● DATA SUPPLIED
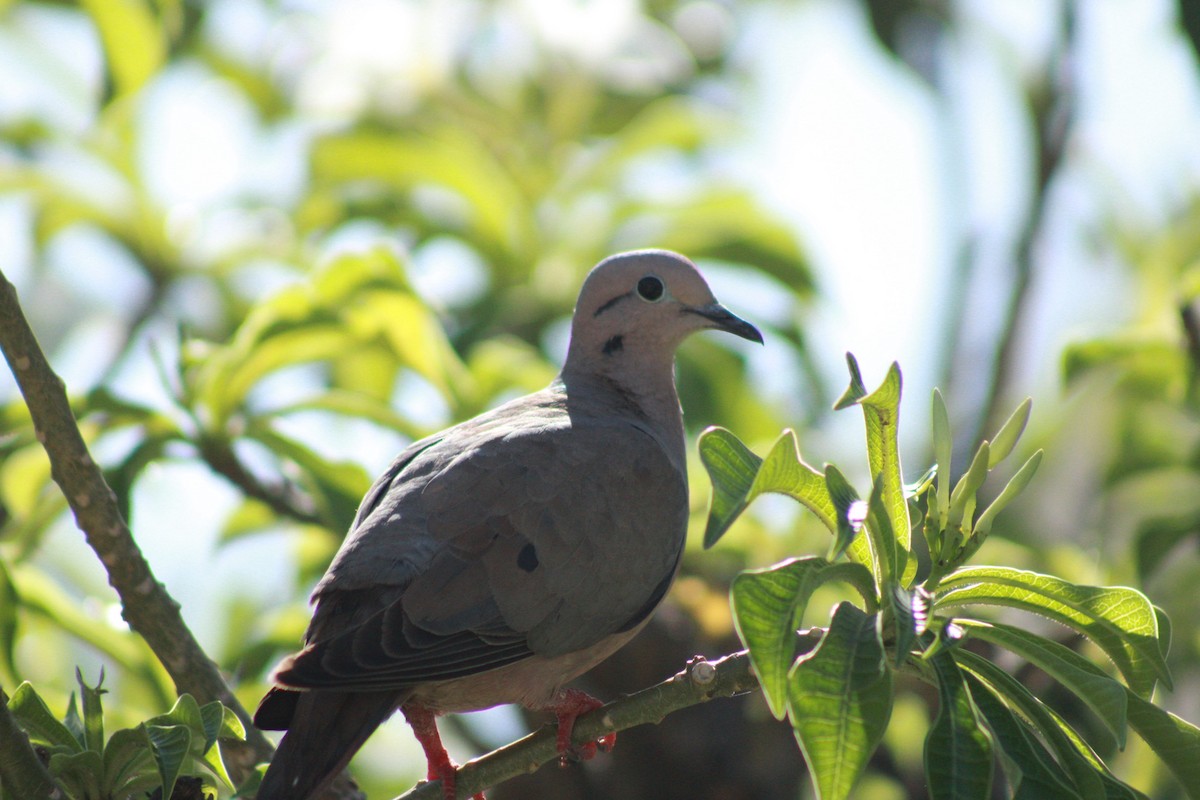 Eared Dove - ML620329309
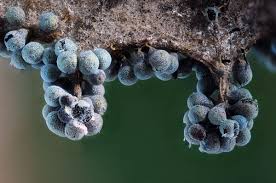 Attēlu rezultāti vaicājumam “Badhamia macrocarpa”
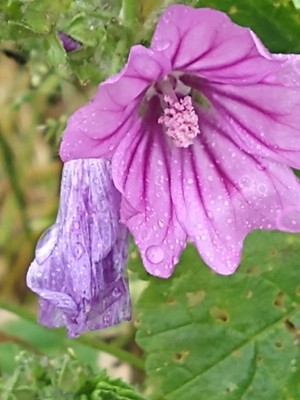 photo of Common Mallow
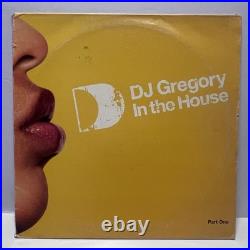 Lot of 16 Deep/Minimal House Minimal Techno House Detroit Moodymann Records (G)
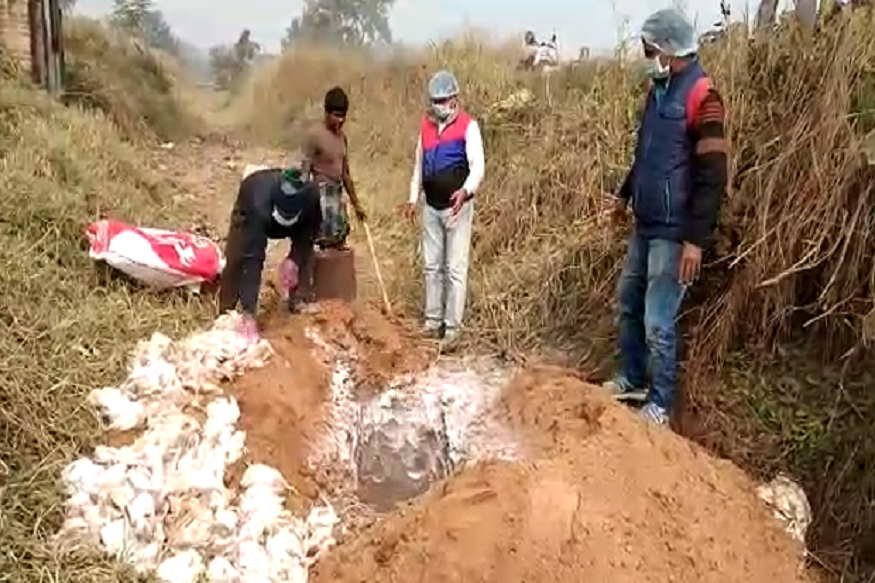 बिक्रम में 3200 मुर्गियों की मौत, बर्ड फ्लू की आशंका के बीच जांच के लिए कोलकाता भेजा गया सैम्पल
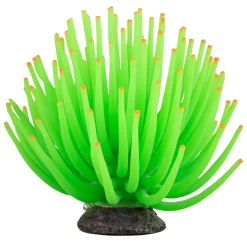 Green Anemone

...

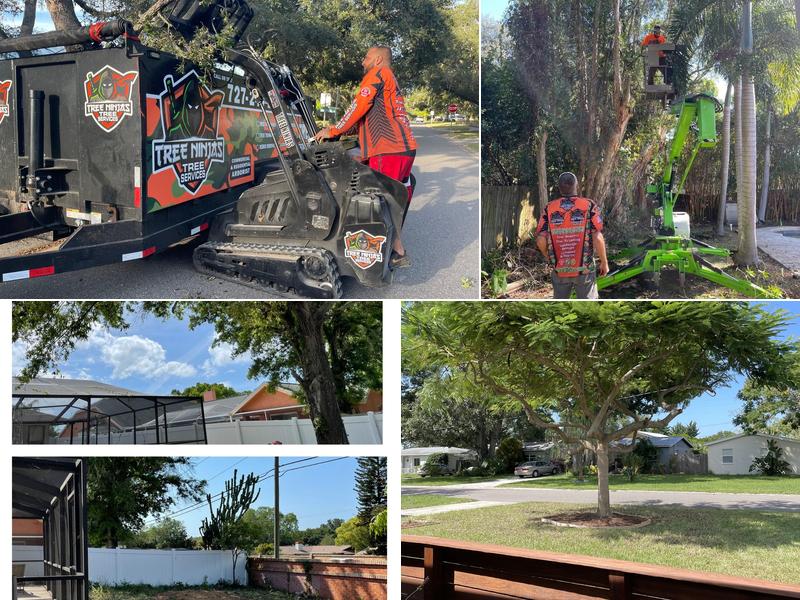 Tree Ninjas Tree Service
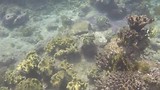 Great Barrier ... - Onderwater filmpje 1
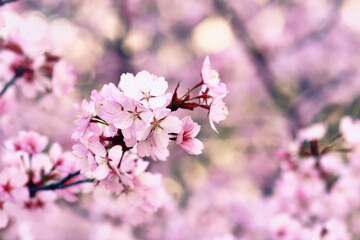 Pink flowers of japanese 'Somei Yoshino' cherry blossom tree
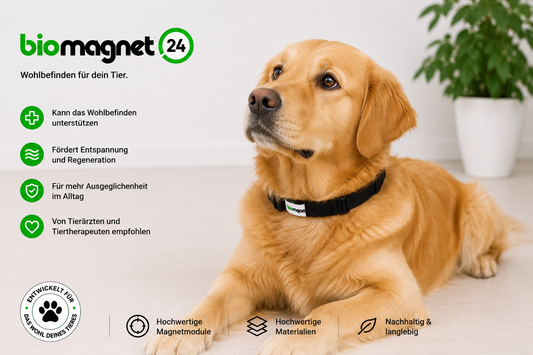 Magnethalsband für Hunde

--

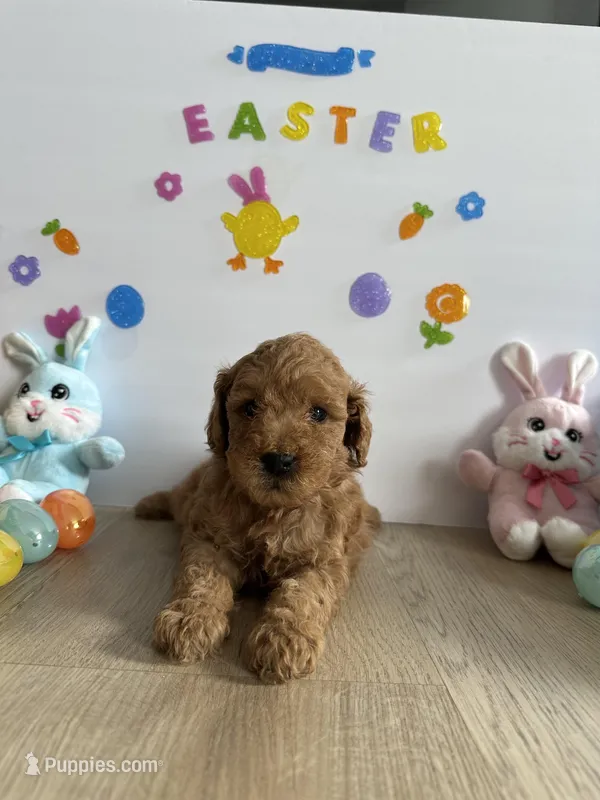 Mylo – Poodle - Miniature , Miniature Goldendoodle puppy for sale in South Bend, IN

● EXERCISE PROMPT
The answer is the lines above from the one with "बिक्रम में 3200" to the one with "Green Anemone", set down exactly, with no pictures.

● RESPONSE FOR THIS EXERCISE
 बिक्रम में 3200 मुर्गियों की मौत, बर्ड फ्लू की आशंका के बीच जांच के लिए कोलकाता भेजा गया सैम्पल
 Green Anemone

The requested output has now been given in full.